The opinions expressed by contributors are their own and do not necessarily represent the views of RedState.com.
While a fair number of my fair colleagues here at the Good Pirate Ship RedState were attending and reporting on events at Turning Point USA’s AMERICAFEST 2022 soirée which took place December 17th through 20th, yours truly was, and is, daily plying his trade in retail land. (I’ve also done time in the corporate world, but that is a whole ‘nutter story.) Anyway, given that for some indiscernible reason my workplace is busier than usual during the aforementioned time period, several weeks ago I deduced that asking for a few days off to attend the festivities would be received with something less than rapturous delight. Thus, I made no request. I’m occasionally intelligent that way.

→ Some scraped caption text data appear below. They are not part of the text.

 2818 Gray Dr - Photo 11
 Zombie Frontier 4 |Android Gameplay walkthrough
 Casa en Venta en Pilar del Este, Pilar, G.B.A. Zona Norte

Having done quite a few holiday seasons in retail during my tenure on this dusty orb, I’ve noticed a few connecting threads throughout the years regardless of whose name was on my nametag. Other than mine, of course. I have often wished to have mine read OZYMANDIAS with KING OF KINGS as my job title and LOOK ON MY WORKS YE MIGHTY, AND DESPAIR! as my mission statement, but somehow I doubt any significant number of people would get the joke.

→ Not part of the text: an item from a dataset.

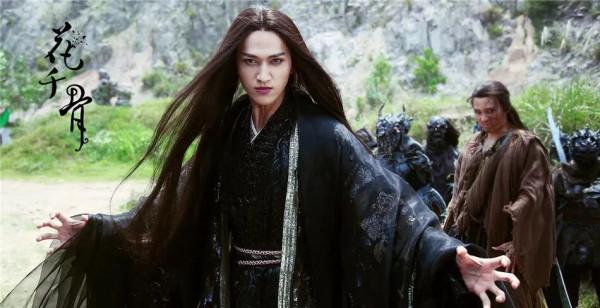 又狠又變態,這6個角色壞得令人髮指,個個演得好讓人又愛又恨 又狠又變態,這6個角色壞得令人髮指,個個演得好讓人又愛又恨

Currently, I am at a sporting goods store which shall remain nameless, as I definitely do not speak for them and vice versa. Quite amusing, given how during my school days I was such a mediocre athlete that on those occasions when I was selected as team captain, regardless of the sport I would invariably pick myself last after pleading to play for the other team so mine would have a shot at winning. Even more amusing is that I now have half a clue what I’m talking about when discussing various team sports equipment, especially baseball and softball. I’m still far better versed in faith, music, and politics, but I have RedState for those conversations.
I’ve labored in several different kinds of retail establishments, everything from a Christian bookstore to a drugstore to a big box to a toy store to an office supply store to a craft store. I freely confess that every once in a while at work, I answer the phone and say, “Thank you for calling …” followed by my running through the name of every place I’ve worked until I get to the current one. It used to amuse me to no end how my mother, when she wanted one of us five kids, would run through every name, including the dog’s, before hitting on the right one. Ruffles, the dog, was the only one who came every time, mostly because she knew doing so would immediately bring on the treats. No wonder Ruffles was her favorite child. Anyway, I now get the name confusion.

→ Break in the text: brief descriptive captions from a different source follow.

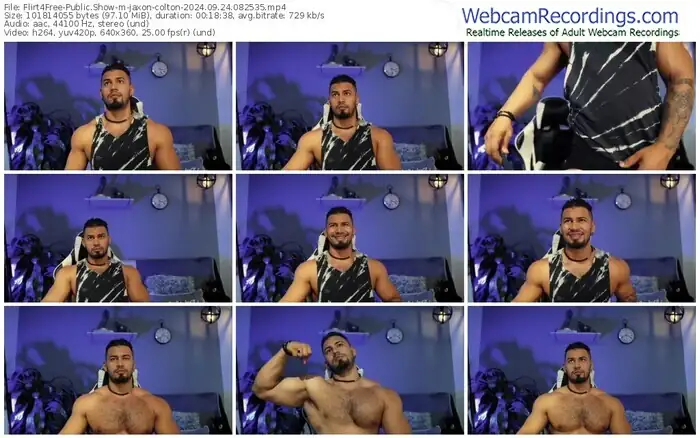 flirt4free-jaxon-colton-09-24-2024-08-25-35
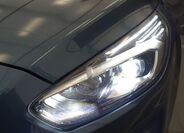 Ford S-MAX 34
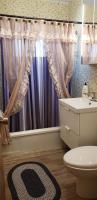 876 William Avenue, Winnipeg, MB R3E0Z6 Photo 12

Back to the connecting threads. Over the years, I have become utterly convinced that in this great land there is a sizable portion of people who never emerge from their homes except between Thanksgiving and Christmas. They may occasionally go grocery shopping, but aside from that, they never see the light of day. They remind me of a surreal yet true story. One afternoon, I was at Disneyland. I noticed a nearby family with four or five kids, most on the younger side. Their clothes, although not bad, were clearly home-sewn, and all of them looked pretty ill at ease with their surroundings. One of the boys went to a free-standing water fountain atop a concrete pillar. He cautiously turned the knob. The fountain started flowing. At this, he excitedly turned to the rest of his party and called out, “Dad! It’s full of water!” Either someone was surreptitiously filming a bizarre “reality” show, or the family were fish swimming against the wind in a dust storm.
Since my employer carries a large amount of licensed team apparel, an alarming percentage of customers fall into two categories: shocked that we have anything or miffed that we don’t have everything. Literally ten minutes after Argentina won the World Cup on December 18th, a woman came charging in demanding to know where we had located the championship jerseys she knew we had because she “talked” to someone. No idea who and no idea when this alleged conversation took place. Just someone. Anyway, the jerseys won’t ship until May 2023, we probably won’t get any, and day drinking is bad for you. The incident did remind me that if ever I meet a person named Someone, we should hire them on the spot to answer all phone calls.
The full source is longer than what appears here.